Este pasado fin de semana he podido disfrutar de lo lindo en compañía de mi familia. Celebramos un aniversario de boda de mis padres: el cuadragésimo. Cuarenta años, vamos.
El resumen, que compartimos unos cuantos, fue: en esta vida, hay que dedicarse a las cosas que importan.
Y allí estábamos, material bebible en mano, pasando horas (así, en plural), en ese tan imprescindible dolce far niente: hablando de todo lo que se nos ocurría. Y pude aprender mucho de historia y música y economía y gastronomía y filosofía... y algo de inglés. Porque hablar es una de las cosas que importan.

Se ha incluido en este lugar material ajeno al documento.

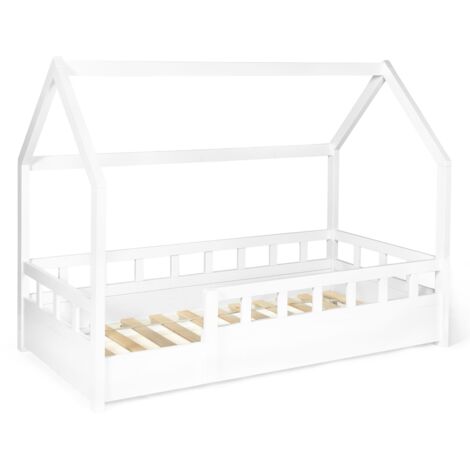 Kinderbett Baumhaus 80 x 160 CM NEREE weiß mit Lattenrost und Gitter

Y escuchar, su pareja insustituible. Dialogar. Para aprender, para rectificar un punto de vista, para entender al otro, para comprender sus motivos; o sus gustos, esa cosa tan opinable.
Y luego cantamos y bailamos, y nos reímos como condenados.
Y comimos, que no somos espíritus puros. Y hubo detalles en esas comidas: baratos, pero detalles.
Y hubo servicio en las comidas también: porque no se hace sola, la comida. Y hubo quien la hizo, en silencio, o cantando.
Y hubo preocupación por los demás, para que estuvieran a gusto.
Y dimos gracias por la familia, que nos parió y crió.
Y por las cosas que importan, que, en definitiva, no son cosas.